Fast Counting with PostgreSQL and Haskell

December 24^th, 2021 | Kyïv, Ukraine

One of my projects leans heavily on a PostgreSQL database. It allows users to arbitrarily filter through millions of rows of relational data. Ideally, the system should give the user a hint of the size of the result set. If there are too many results, they can apply more filters to narrow their search. Too few, vice versa.

Naturally, every Internet user expects search to be fast.

Problem: Counting large result sets in PostgreSQL is… slow.

While researching potential solutions to this problem, I learned that PostgreSQL can provide fast counting if you’re willing to sacrifice some accuracy. Whether or not this matters of course depends on the kind of application you’re writing. In my case, I’m fairly certain my users don’t care. Knowing that there are a few million results for a query is more than good enough.
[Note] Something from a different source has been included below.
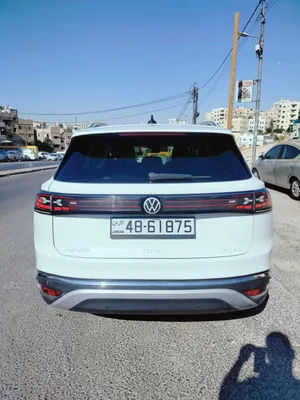 فولكسفاغن 2021 +ID.6Cross Pure لون أبيض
If a query is sufficiently focused though, you probably don’t want to show the user an estimate. If the page says “About 7 results”, it probably wouldn’t fill them with confidence if they can see the result length is clearly only five. Besides, PostgreSQL can count result sets in the hundreds and low thousands extremely quickly.
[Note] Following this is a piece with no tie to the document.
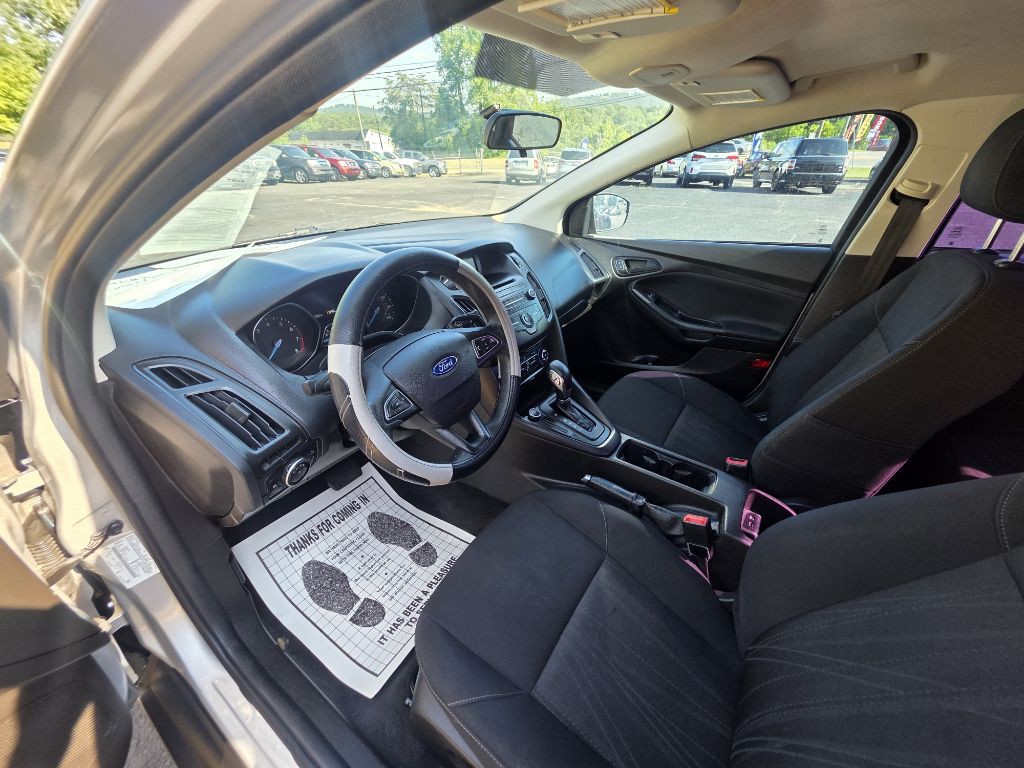 2016 Ford Focus Image 6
Solution: First get an estimate of the result length, and if it’s sufficiently small — say, fewer than 5,000 rows — then count again with total accuracy.

This rather good article suggests several approaches for implementing fast counting with estimates. Not all of them work in my case, because the primary feature of my application is arbitrary filtering. Some clever abuse of the query planner output quickly gives us an estimate.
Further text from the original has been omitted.